In many cases, either extreme of a possible scenario is equally bad.  For example, being overly cautious about failure vs. being overly fearless are both dangerous.  And you wouldn't want to hit so hard that something breaks, nor hit so lightly that no one can hear you, right?

There are, however, some exceptions to both extremes being bad.  One of them is about talking when teaching.

On one extreme, I can take someone who's never played taiko or done karate before and get them going, without having to say one word.  I know I can work on general stance, how to punch, how to strike, basic patterns, etc.  I bet you can do it with taiko too!  Granted, you won't get much in the way of details or nuances because you're pretty limited, but you can still make some good progress.

Now take the other extreme, and have me teach someone by talking a ton.  And talking and talking and talking.  Explaining this, commenting on that, sidebars here and experiences there.  Some people do learn better by listening, but there's an overload point for every listener.  Also, time listening is time spent not doing.  For taiko, doing is crucial.
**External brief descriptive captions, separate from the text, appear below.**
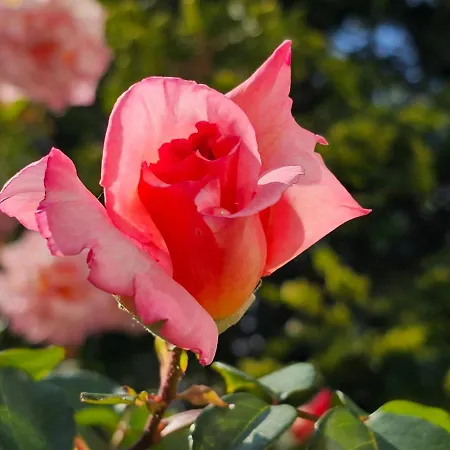 Diamond Sarafovo By Kp Hotel de apartamente 4*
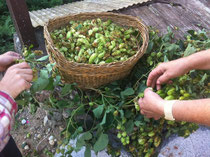 Two pairs of hands sorting green hops and putting it into a wicker basket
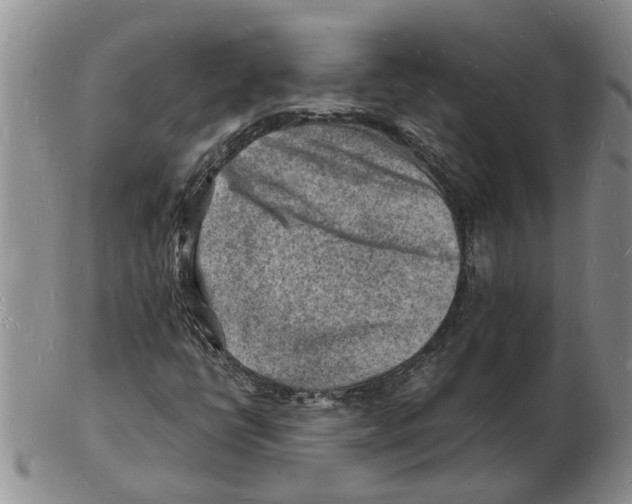 X0000102781398200809151052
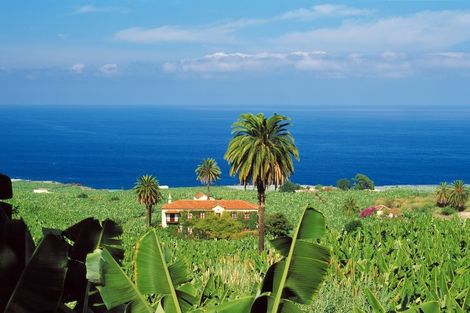 Canaries-Tenerife, Autotour Pack Liberté Hôtel Vincci Tenerife 4*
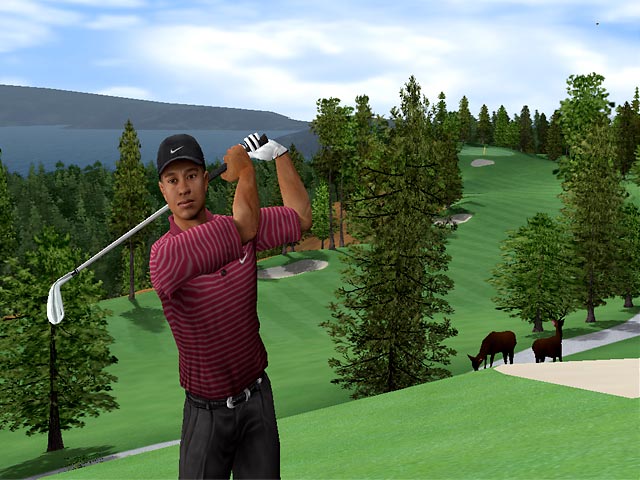 Tiger Woods PGA Tour 2005 - screenshot 23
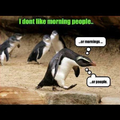 Grumpy penguin
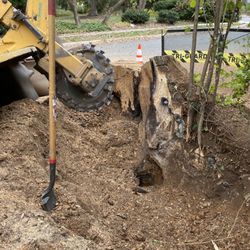 IG Tree Care Service - Large stump grind.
I've been on the other side of this before - being a talkative teacher - where I had SO much information I wanted to get across, and the only way I knew how to do it was to talk!  And people responded by blinking at me, either trying to process or wondering how to politely ask, "what?"

It took me a while as a teacher to realize that talking does not equal communicating.  Communication is about imparting or exchanging information, while talking is simply a delivery mechanism.  If no one's there to pick up your delivery, it gets left at the door.  Or something.  Many students with an overly-talkative teacher eventually stop listening.  It's not because they want to be disrespectful, it's because they no longer know what's important information and it's too tiring to treat everything as important, so they go into "gonna wait until we start doing stuff" mode.
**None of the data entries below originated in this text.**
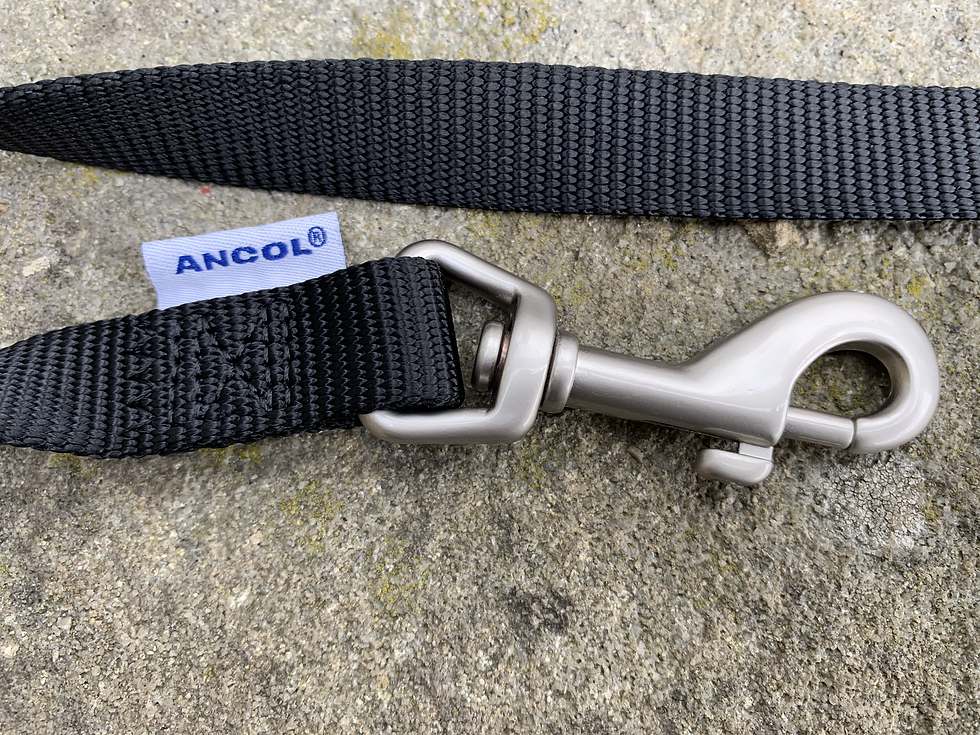Thumbnail: AMF Branded Dog Lead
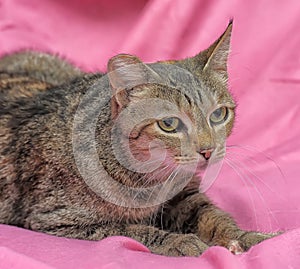 striped cat with a clipped ear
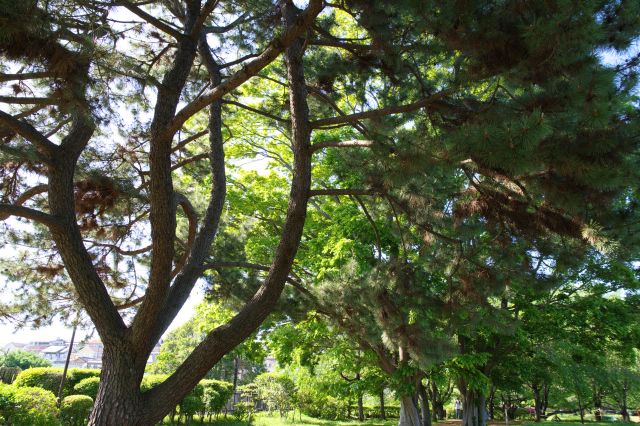 頭上には所々に木々。自然の香りの心地よさ。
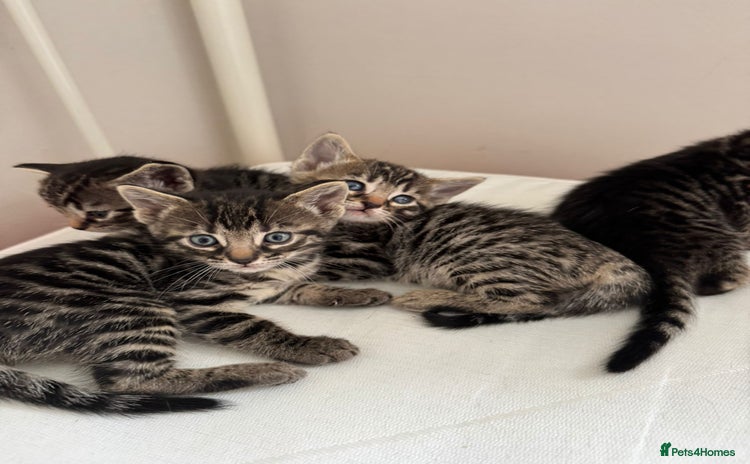 Bengal cats - Advert 11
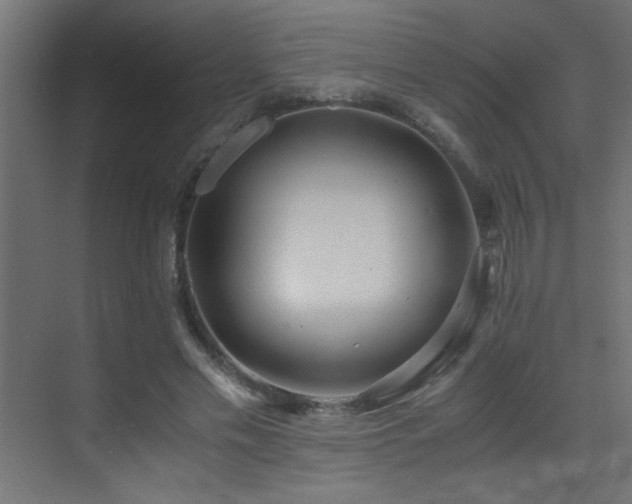 X0000071380589200606231248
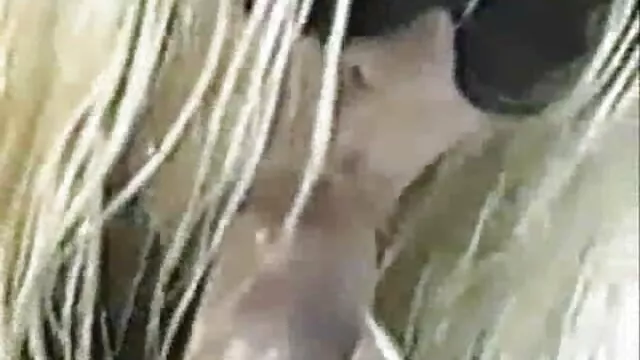 Hete porno Geen registratie  Ruig neuken in amerikaanse pornofilms de achtertuin.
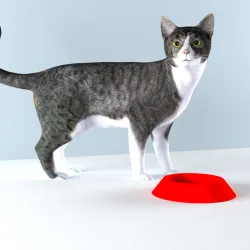 food bowl for cats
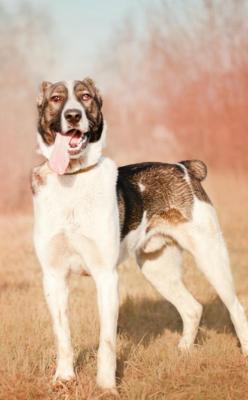 Отдам щенка в добрые руки Среднеазиатская овчарка, Молодой алабай Зур ищет дом. - Россия, Москва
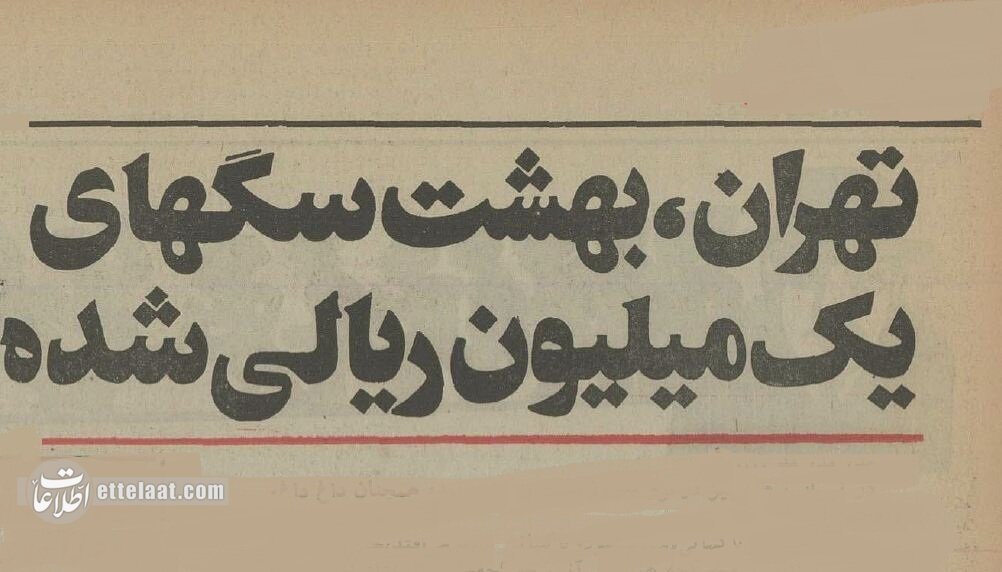 معرفی می‌کنم ملوس نیک‌اندیش، سگ من! +عکس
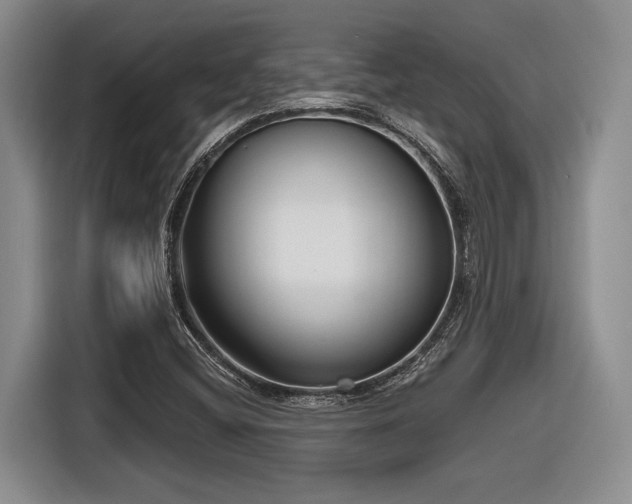 X0000116631404200912111207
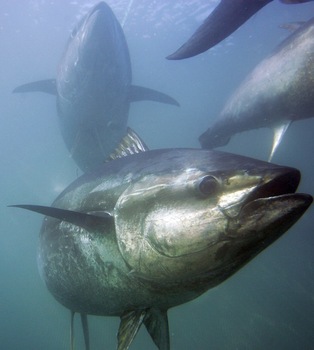Bluefin tuna fish, Style : Fresh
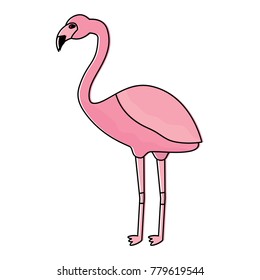 flamingo exotic bird decorative flat design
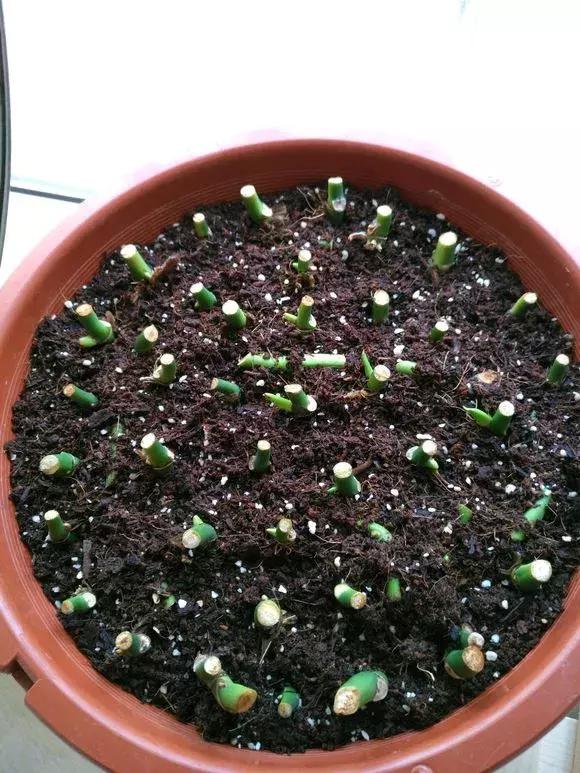 倒垃圾时捡一盆绿萝,被丢弃的一盆绿萝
As I said earlier, doing is really important in taiko.  It's often far, far better to have students try doing something even if they've got issues to fix rather than to expect them to "get it" on the first try because you've explained it "well enough".  Odds are, with the latter, you're going to have to repeat yourself because people forgot some of what you said.  If different people are forgetting different things, you could very well wind up repeating most of what you said - defeating the purpose of saying so much in the first place!

Some people can say little and communicate a lot.  Those are awesome teachers.  Most of us have to talk more than that because we're not at that level yet!